_Problem description_. Transcribe the entries below exactly, starting with the line that has "The game hall" and stopping after the line that has "Dán Phim Cách"; no pictures belong in the copy.

***** Available data

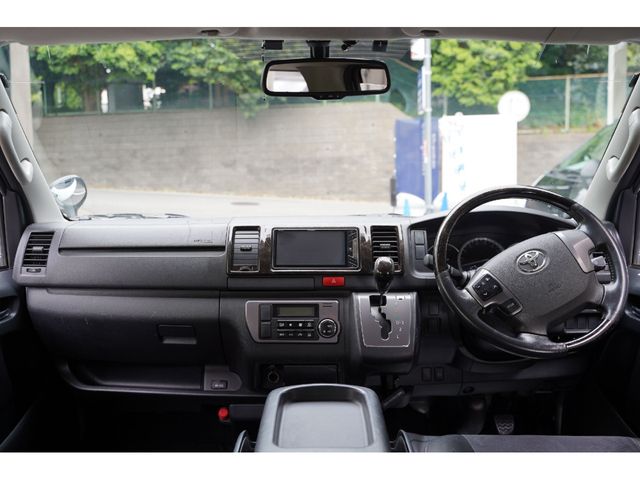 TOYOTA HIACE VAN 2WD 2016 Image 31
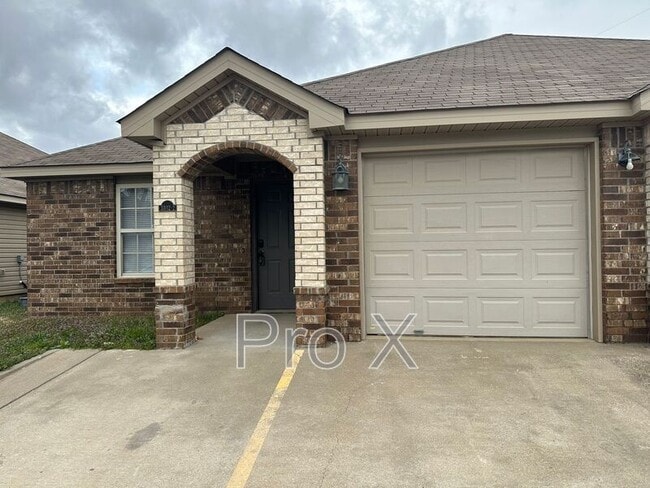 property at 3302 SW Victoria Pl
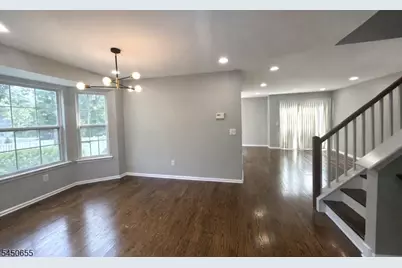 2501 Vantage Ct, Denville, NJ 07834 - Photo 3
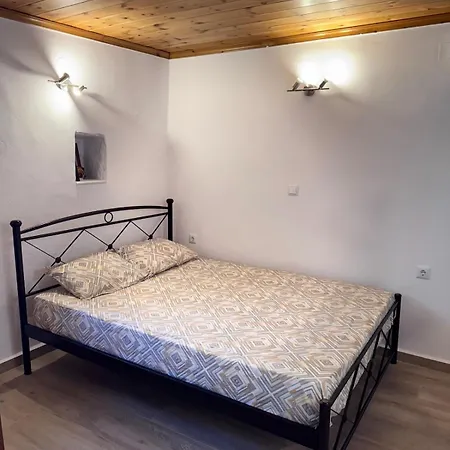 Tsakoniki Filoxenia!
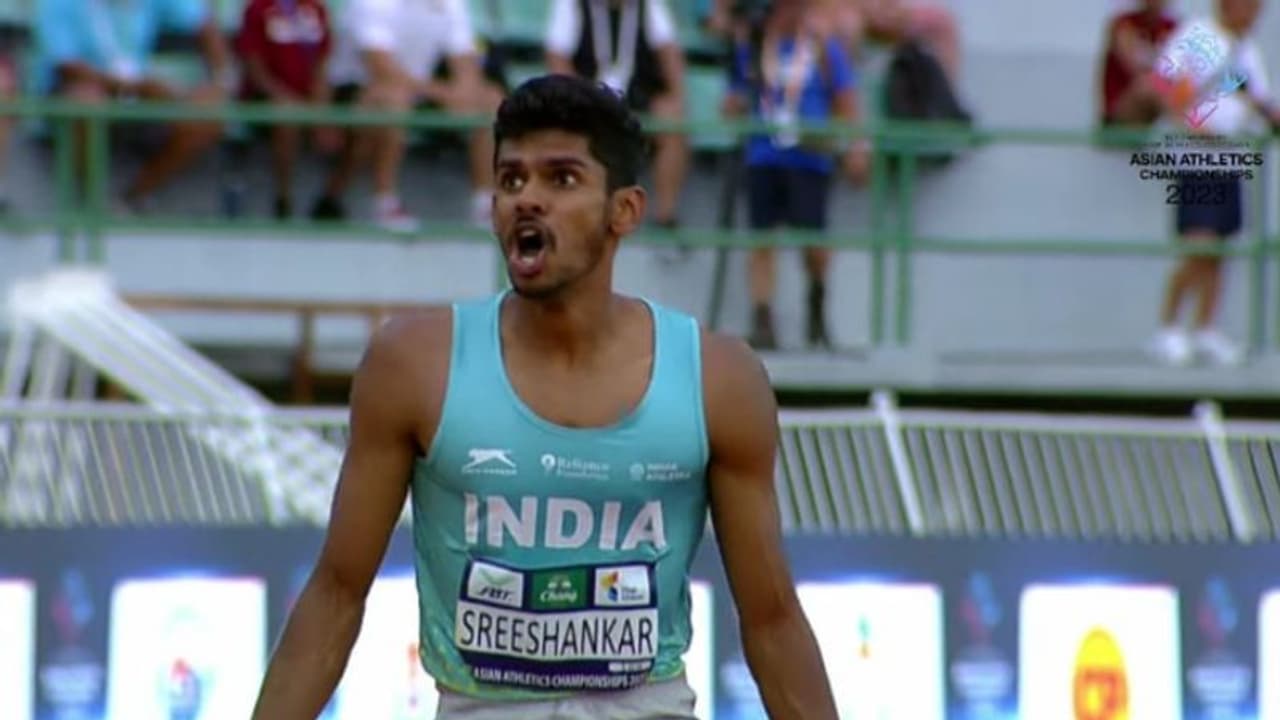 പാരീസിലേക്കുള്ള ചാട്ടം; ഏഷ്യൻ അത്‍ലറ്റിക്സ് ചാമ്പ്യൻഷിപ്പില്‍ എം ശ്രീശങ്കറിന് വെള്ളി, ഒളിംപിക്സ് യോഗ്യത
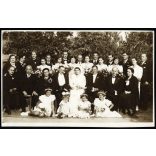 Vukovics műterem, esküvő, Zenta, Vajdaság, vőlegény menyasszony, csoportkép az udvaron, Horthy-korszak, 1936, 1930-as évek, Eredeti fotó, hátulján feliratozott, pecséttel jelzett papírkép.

**********
***** Available data

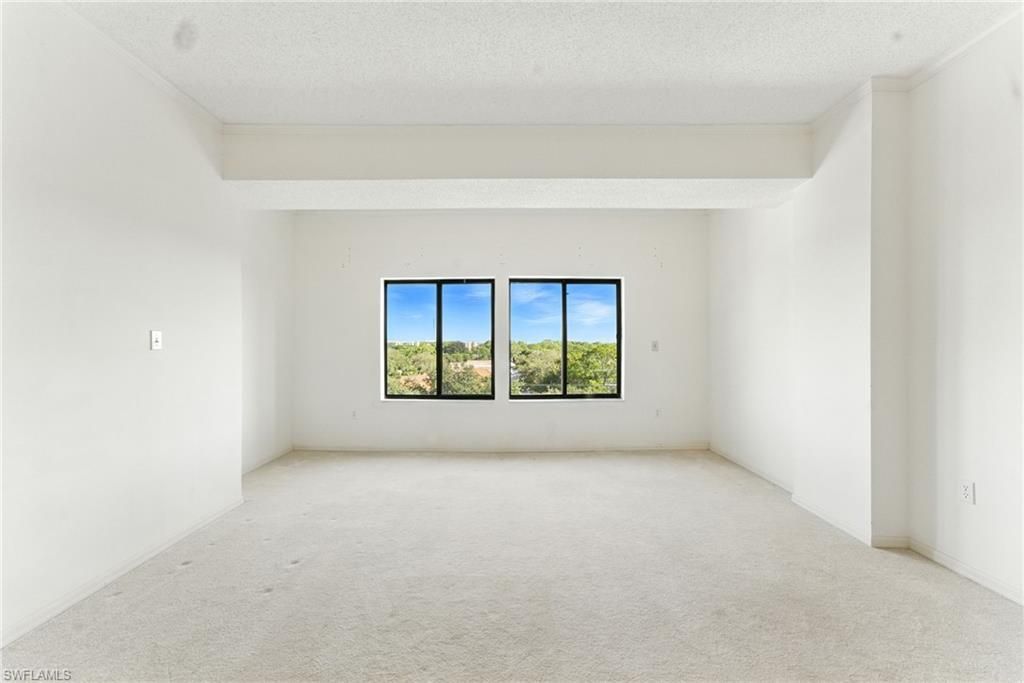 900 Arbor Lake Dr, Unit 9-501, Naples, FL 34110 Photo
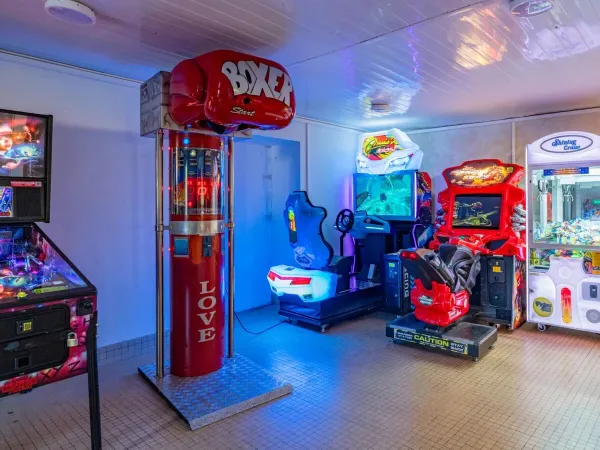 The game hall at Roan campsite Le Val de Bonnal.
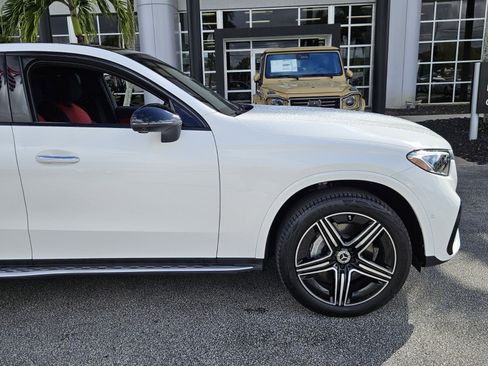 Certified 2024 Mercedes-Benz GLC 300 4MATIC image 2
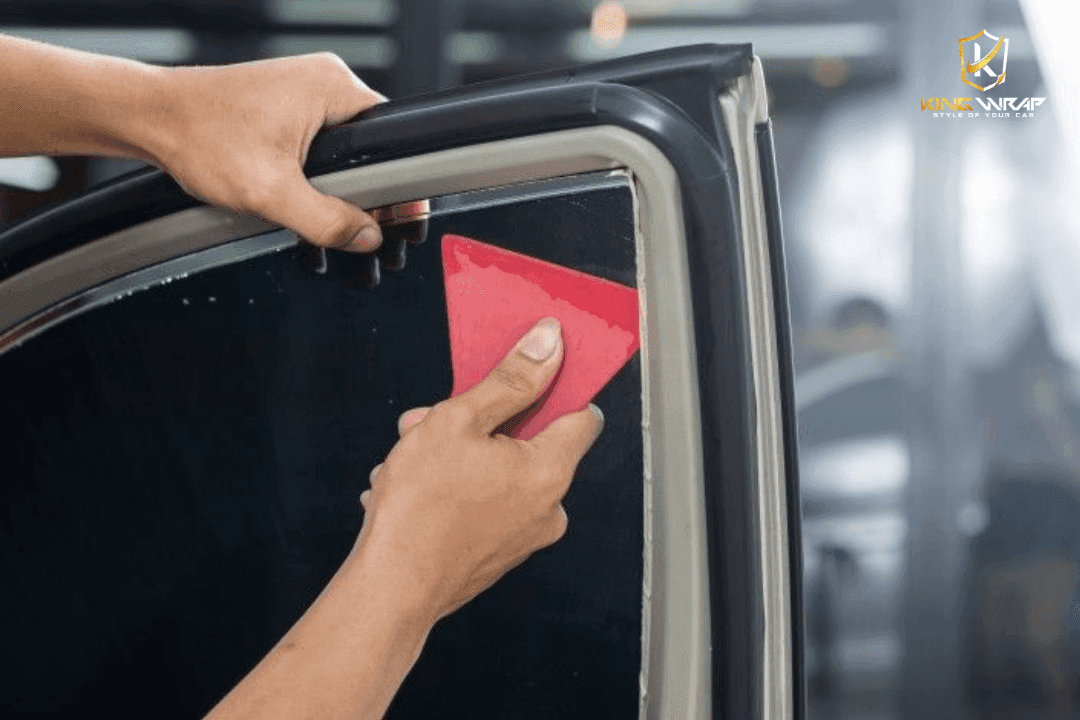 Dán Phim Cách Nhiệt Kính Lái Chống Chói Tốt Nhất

**********

_Solved exercise_.
 The game hall at Roan campsite Le Val de Bonnal.
 Certified 2024 Mercedes-Benz GLC 300 4MATIC image 2
 Dán Phim Cách Nhiệt Kính Lái Chống Chói Tốt Nhất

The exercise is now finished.